From 1987 to 2017, Amnesty International has documented that the average of Palestinians killed amounts to 340 per year. In a speech by the former Secretary General, Salil Shetty, it is reported that the oftentimes unlawful killings committed by Israeli security forces amount to no less than 10,200. The author’s statement above can thus sadly be backed up by actual data.

From mothers losing their unborn children

Ever since the beginning of the occupation, there has been a lot of miscarriages due to misuse of power – sometimes deliberately, other times it has simply been a side effect of living in a war zone – e.g. due to the restraints on Palestinians’ freedom of movement. For many Palestinians, it is impossible to reach a hospital without having to cross an Israeli checkpoint and oftentimes, ambulances are stopped so that women are forced into giving birth in unsafe environments. In the period between 2000 and 2005, 67 Palestinian women were forced into giving birth at Israeli checkpoints – 36 babies died.
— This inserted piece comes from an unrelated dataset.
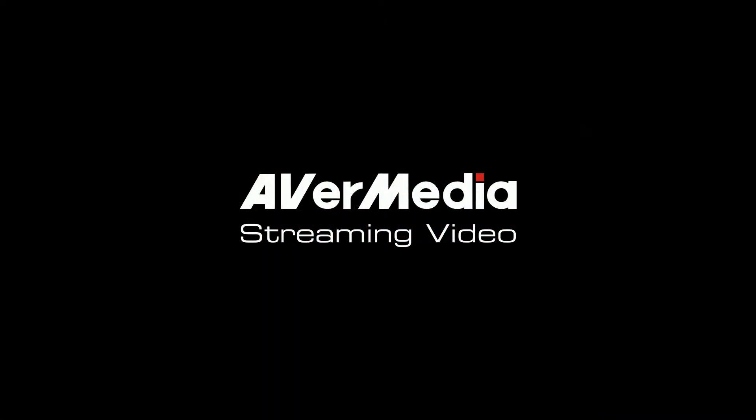So that's it for the XtremeCap UVC and XtremeCap SDI. Hope you liked the video. We'll see you next time. Thank you.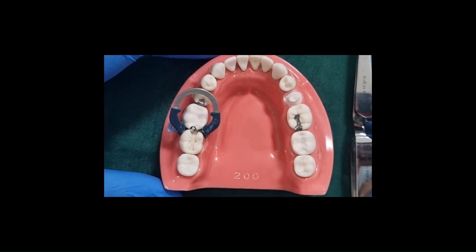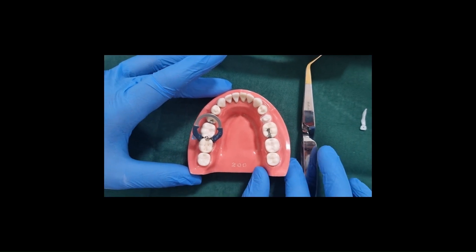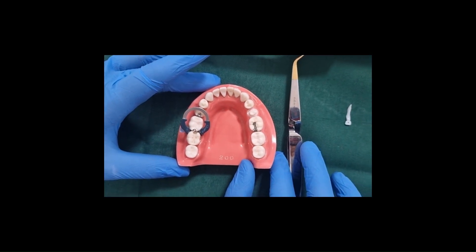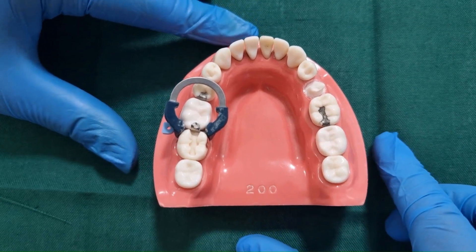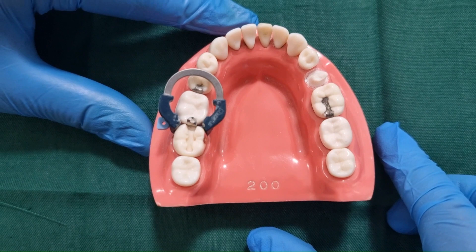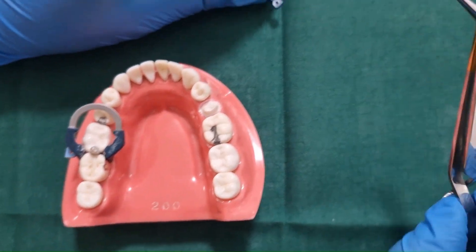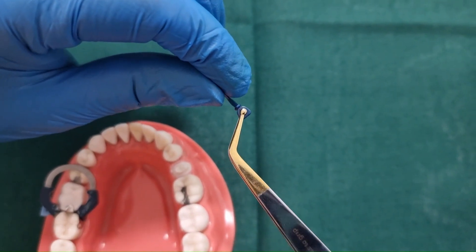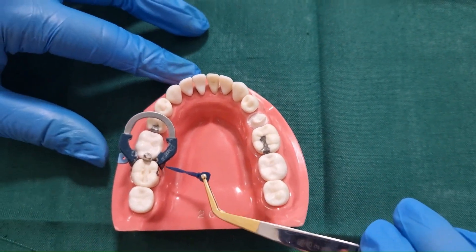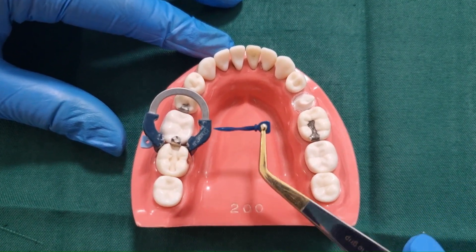Here a mesio-occlusal cavity has been prepared and the V3 ring is kept mesial to the prepared cavity. In case of a disto-occlusal cavity preparation, the V3 ring can be placed on the distal aspect. If necessary, a second wedge can be placed from the lingual side, however it is not required here.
As the author explains, mothers are usually not part of demonstrations; they are simply bypassers or they just happen to live in an area, where clashes occur on a regular basis. The author’s own mother had two miscarriages herself – the first miscarriage took place after she had been hit by a rubber bullet when passing by a checkpoint; the second took place after exposure to tear gas.
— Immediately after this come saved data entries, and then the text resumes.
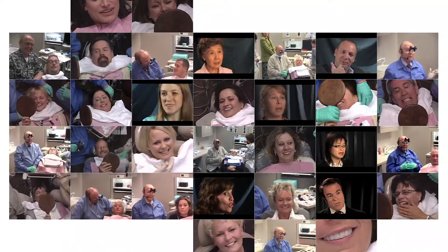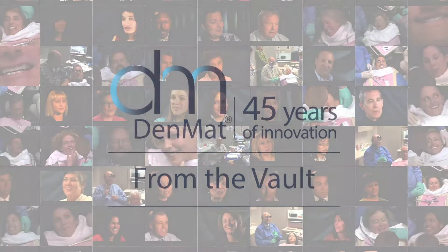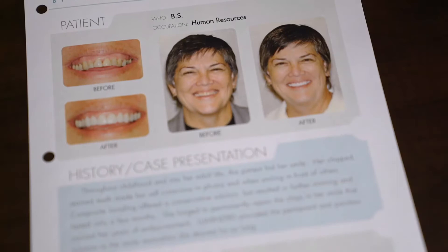We're not treating teeth anymore. We're treating smiles. Isn't that beautiful? Let's look at the transformation from where we started and where we are. Our patient today is an example of that.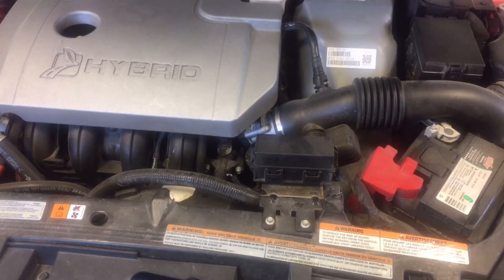In the last month I've had a couple of Fusion Hybrids come in with the same problem. One was a 2009, one was a 2012. The customer's complaint was that the red triangle would come on with a message 'stop safely now' and they'd have to pull over to the side of the road. Both of these cars had the same codes: P0A3E and P1A14.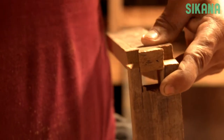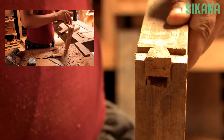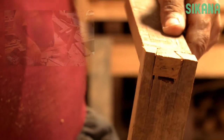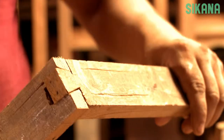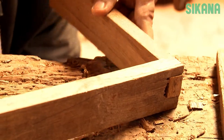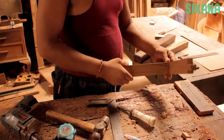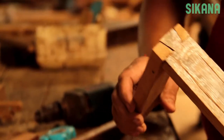Finally, use a hammer to join the two pieces of wood. The dovetail is a solid joint and if it's well done, it shouldn't require any glue.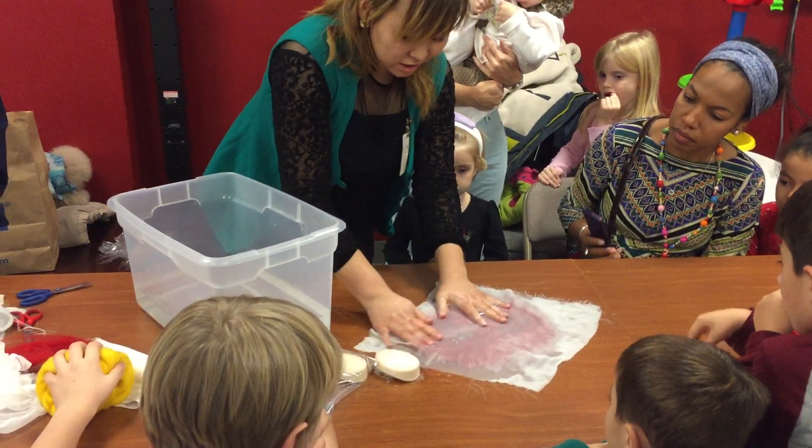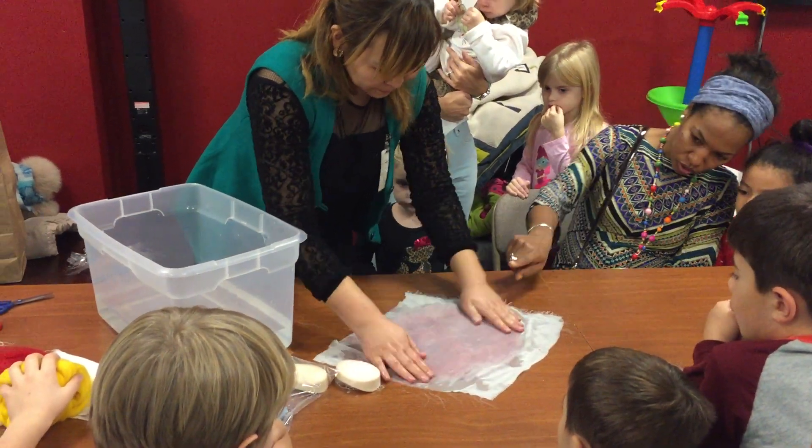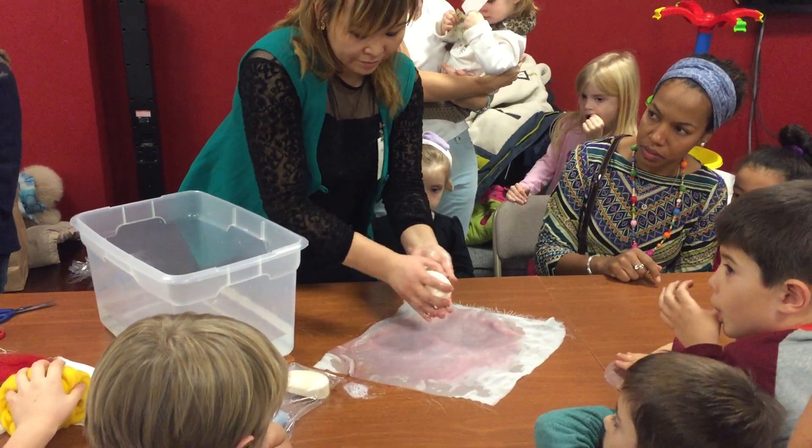See what she's doing? We're going to do this. You guys are going to get messy. Did you know this was going to be messy? It's not messy — it just gets a little soapy at times.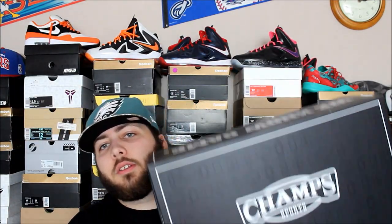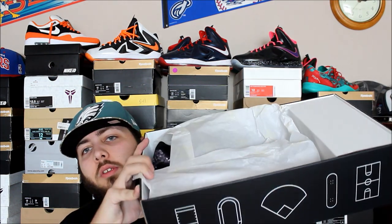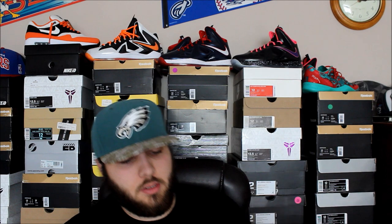Alright, as you guys can see we got the standard all black Champs pullout box. Here's what you see when you pull out the box.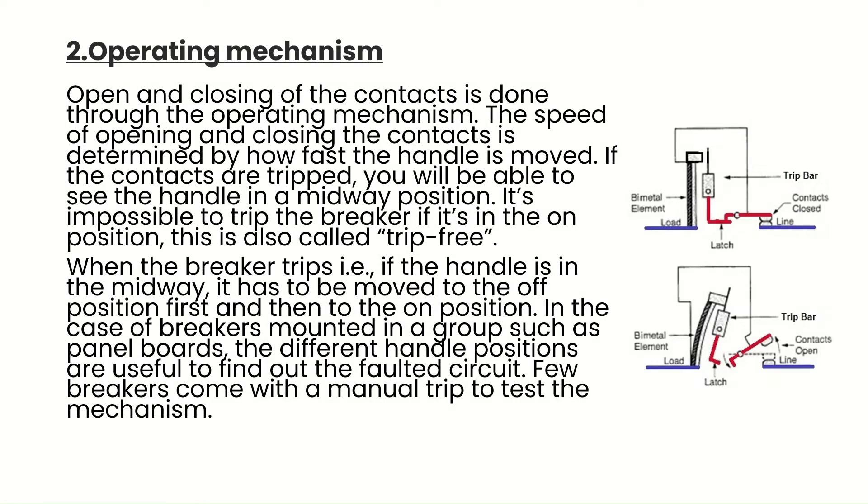Component 2 is the operating mechanism. Opening and closing of the contacts is done through the operating mechanism, and the speed is determined by how fast the handle is moved. If the contacts are tripped, you will see the handle in a midway position — this is also called trip-free. When the breaker trips, the handle must be moved to the off position first and then to the on position. In the case of breakers mounted in a group, such as panel boards, the different handle positions are useful to identify the faulted circuit.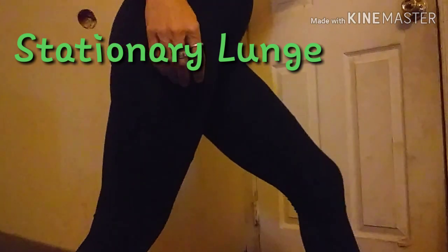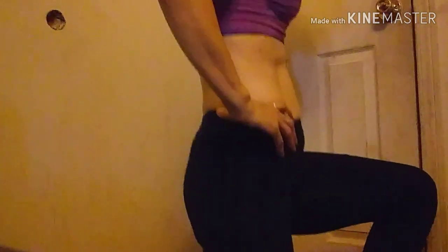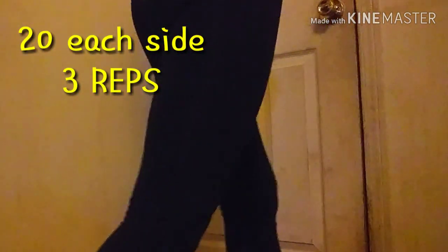Stationary lunge — you're just going to put one leg out in front of you. Hold on to the wall or something for support if you need to. And we're just going to take the back knee down, almost touching the floor — but don't actually touch the floor. We're going to do 20 on this side.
When the Israeli army does not publicly disclose the chemical components of the tear gas it uses, it is difficult to determine what impact frequent exposure to tear gas might have on people’s health. In an international study however, some women reported miscarriages shortly after being subjected to tear gas. In the conclusion, the researchers pointed out that the use of tear gas appeared to be excessive, indiscriminate and nearly impossible to avoid.

In a speech to the UN General Assembly’s Fourth Committee given last November, UNRWA Commissioner-General Pierre Krähenbühl raised a number of issues, inter alia, the use of tear gas with the comment: “When Palestine refugee mothers are forced to seal their infants in closets while clouds of tear gas saturate their shelter, the situation has gone too far.”

To elders being dragged out of their homes, beaten up brutally, knocked down on their knees and lined up to be killed

At the beginning of the occupation and the start of the 1948 war, elders were allegedly taken from their respective homes and a lot of them were killed. According to the author, this was done in an attempt to take out the leaders of the people and deprive the younger generations of the voices of wisdom and guidance – in particular, those who called on the younger generation to resist. Others were taken to prison or simply thrown out of their villages alongside their families.

Freelance journalist and founder of the If Americans Knew research institute, Alison Weir reports: At least three quarters pretty much of the entire Palestinian population was forced off their land – violently forced through extremely violent means including a number of massacres. Much of this violence and I believe half the massacres occurred before Israel had even declared independence.”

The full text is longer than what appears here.